After determining the correct metrics, we needed to obtain them for our forecasting procedure. Our long-term metrics solution, Thanos, stores billions of data points. Querying it for a cluster with over one hundred nodes even for one day takes a huge amount of time, and we needed these data points for a year.

As we planned to use Python we wrote a small client using aiohttp that concurrently sends HTTP requests to Thanos. The requests are sent in chunks, and every request has start/end dates with a difference of one hour. We needed to get the data for the whole year once and then append new ones day by day. We got csv files: one file for one cluster. The client became a part of the project, and it runs once a day, queries Thanos for new metrics (previous day) and appends data to the files.

Forecasting procedure

At this point, we have collected metrics in files, now it’s time to make a forecast. We needed something for time-series metrics, so we chose Prophet from Facebook. It’s very simple to use, you can follow the documentation and get good results even with the default parameters.

One challenge we faced using Prophet was the need to feed it one data point for a day. In the metric files we have thousands of those for every day. It looks logical to take the point at the end of every day, but it’s not really true. All tables have a retention period, the time for how long we store data in ClickHouse. We don’t know when the data is cleared, it happens gradually throughout the day. So, we decided to take the maximum number for a day.

Drawing Graphs

We chose Grafana to present results, though we needed to store predicted data points somewhere. The first thought was to use Prometheus, but because of high cardinality, we had about 300,000 points in summary for clusters and tables, so we passed. We decided to use ClickHouse itself. We wanted to have both graphs, real and predicted, on the same dashboard. We had real data points in Prometheus and with mixed data source could do this. However, the problem was the same as the loading of metrics into files, for some clusters it’s impossible to obtain metrics for a long period of time. We added functionality to upload real metrics in ClickHouse as well, now both real and predicted metrics are displayed in Grafana, taken from ClickHouse.

Summary

This is what we have in Grafana:

The yellow line shows the real data;
The green line was created based on Prophet output;
The red line - the maximum disk capacity. We already increased it twice.
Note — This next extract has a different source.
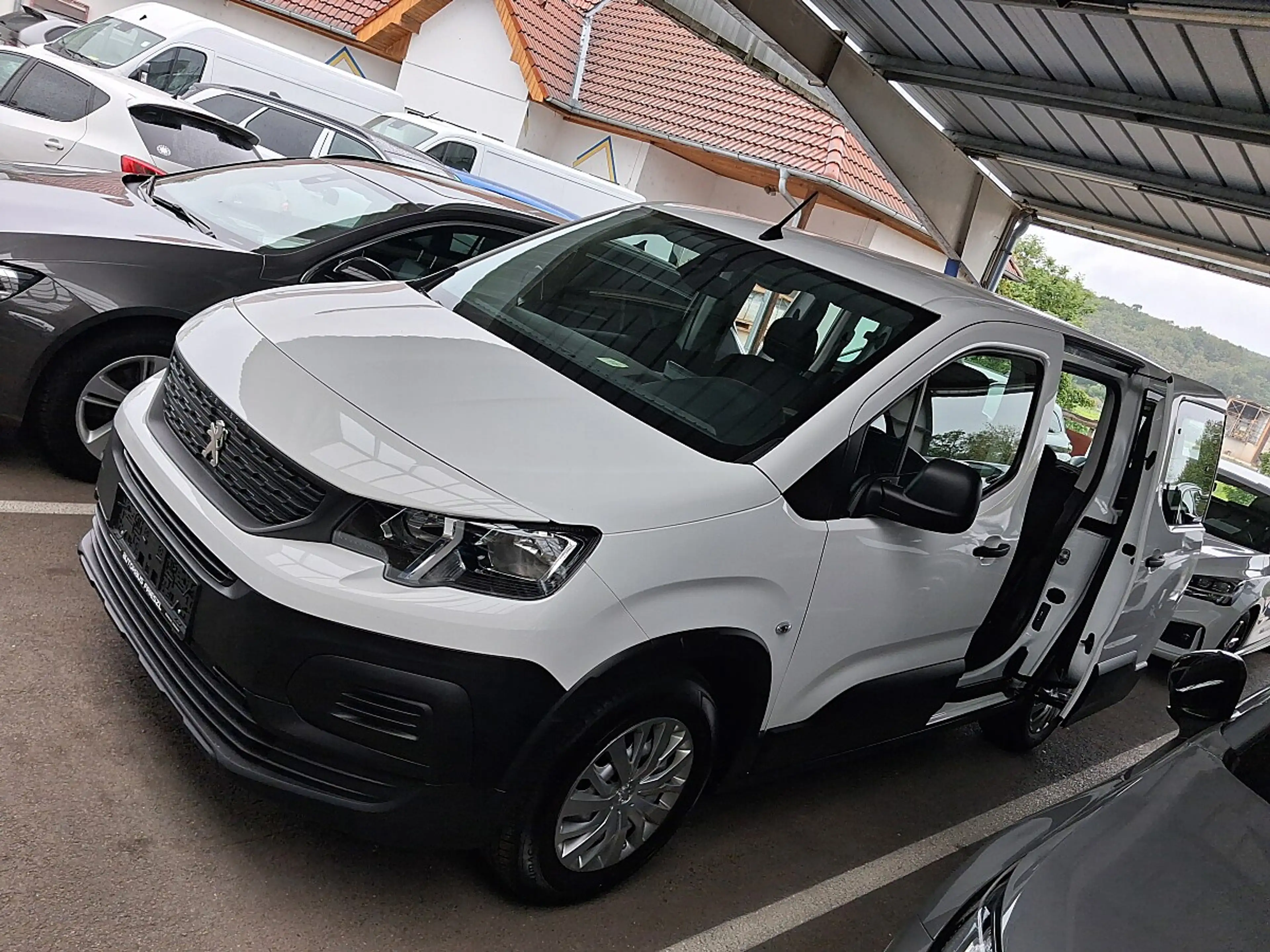 Peugeot Rifter 1,2 PureTech 110 S&S Active — photo 10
We have a service running in Kubernetes that does all the toil, and we created an environment for other metrics. We have the place where we collect metrics from Thanos and expose them in the required format to Grafana. If we find the right metrics for accounting other resources like IO, CPU or other systems like Kafka we can easily add them to our framework. We can easily replace Prophet with another algorithm, and we can go back months and evaluate how close we were in our prediction according to the real data.
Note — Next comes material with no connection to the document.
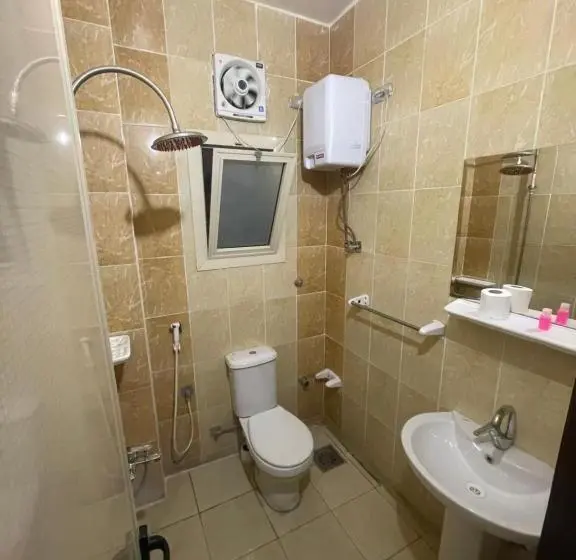 اتاق ساده سه نفره, Grand Hotel Qena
With this automation we were able to spot we were going out of disk space for a couple of clusters which we didn’t expect. We have over 20 clusters and have updates for all of them every day. This dashboard is used not only by our colleagues who are direct customers of ClickHouse but by the team who makes a plan for buying servers. It is easy to read and costs none of developers time.

This project was carried out by the Core SRE team to improve our daily work. If you are interested in this project, check out our job openings.

We didn’t know what we would get at the end, we discussed, looked for solutions and tried different approaches. Huge thanks for this to Nicolae Vartolomei, Alex Semiglazov and John Skopis.